### Work request
Which lines in the listing below contain "Print"? Copy each of them.
+++
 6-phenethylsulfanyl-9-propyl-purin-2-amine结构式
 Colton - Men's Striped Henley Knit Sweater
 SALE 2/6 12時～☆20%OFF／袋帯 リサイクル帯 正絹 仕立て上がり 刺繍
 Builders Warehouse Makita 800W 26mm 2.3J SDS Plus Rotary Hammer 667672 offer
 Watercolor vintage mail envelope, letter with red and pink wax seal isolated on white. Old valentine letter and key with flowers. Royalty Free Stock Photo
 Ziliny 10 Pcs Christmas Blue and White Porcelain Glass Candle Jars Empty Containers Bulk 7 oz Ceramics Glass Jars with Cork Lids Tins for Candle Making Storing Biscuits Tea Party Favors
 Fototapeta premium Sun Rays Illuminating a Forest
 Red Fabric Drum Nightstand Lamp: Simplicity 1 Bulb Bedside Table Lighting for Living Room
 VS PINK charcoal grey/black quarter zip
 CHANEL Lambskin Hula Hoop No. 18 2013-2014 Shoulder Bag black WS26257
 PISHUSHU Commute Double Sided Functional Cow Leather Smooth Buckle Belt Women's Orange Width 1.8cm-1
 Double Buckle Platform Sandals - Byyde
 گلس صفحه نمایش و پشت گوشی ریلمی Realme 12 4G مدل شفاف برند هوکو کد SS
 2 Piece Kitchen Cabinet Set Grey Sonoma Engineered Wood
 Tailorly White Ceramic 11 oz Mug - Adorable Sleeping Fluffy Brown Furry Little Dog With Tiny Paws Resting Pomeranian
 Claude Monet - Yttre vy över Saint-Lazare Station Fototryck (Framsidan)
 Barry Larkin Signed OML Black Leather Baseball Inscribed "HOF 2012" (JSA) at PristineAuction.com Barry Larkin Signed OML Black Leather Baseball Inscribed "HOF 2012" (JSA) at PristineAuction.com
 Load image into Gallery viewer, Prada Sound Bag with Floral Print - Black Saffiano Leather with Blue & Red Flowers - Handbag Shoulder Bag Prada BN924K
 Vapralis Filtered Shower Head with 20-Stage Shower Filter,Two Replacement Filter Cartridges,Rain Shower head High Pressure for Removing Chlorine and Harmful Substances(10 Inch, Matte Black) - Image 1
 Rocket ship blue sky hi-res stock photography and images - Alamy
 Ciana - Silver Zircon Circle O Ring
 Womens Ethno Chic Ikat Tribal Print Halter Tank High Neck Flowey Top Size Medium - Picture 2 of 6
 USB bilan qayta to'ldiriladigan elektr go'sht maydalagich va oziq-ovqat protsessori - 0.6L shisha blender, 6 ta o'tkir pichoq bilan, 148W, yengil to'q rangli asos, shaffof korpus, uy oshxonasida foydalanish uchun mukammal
+++
### Solution for this task
 Load image into Gallery viewer, Prada Sound Bag with Floral Print - Black Saffiano Leather with Blue & Red Flowers - Handbag Shoulder Bag Prada BN924K
 Womens Ethno Chic Ikat Tribal Print Halter Tank High Neck Flowey Top Size Medium - Picture 2 of 6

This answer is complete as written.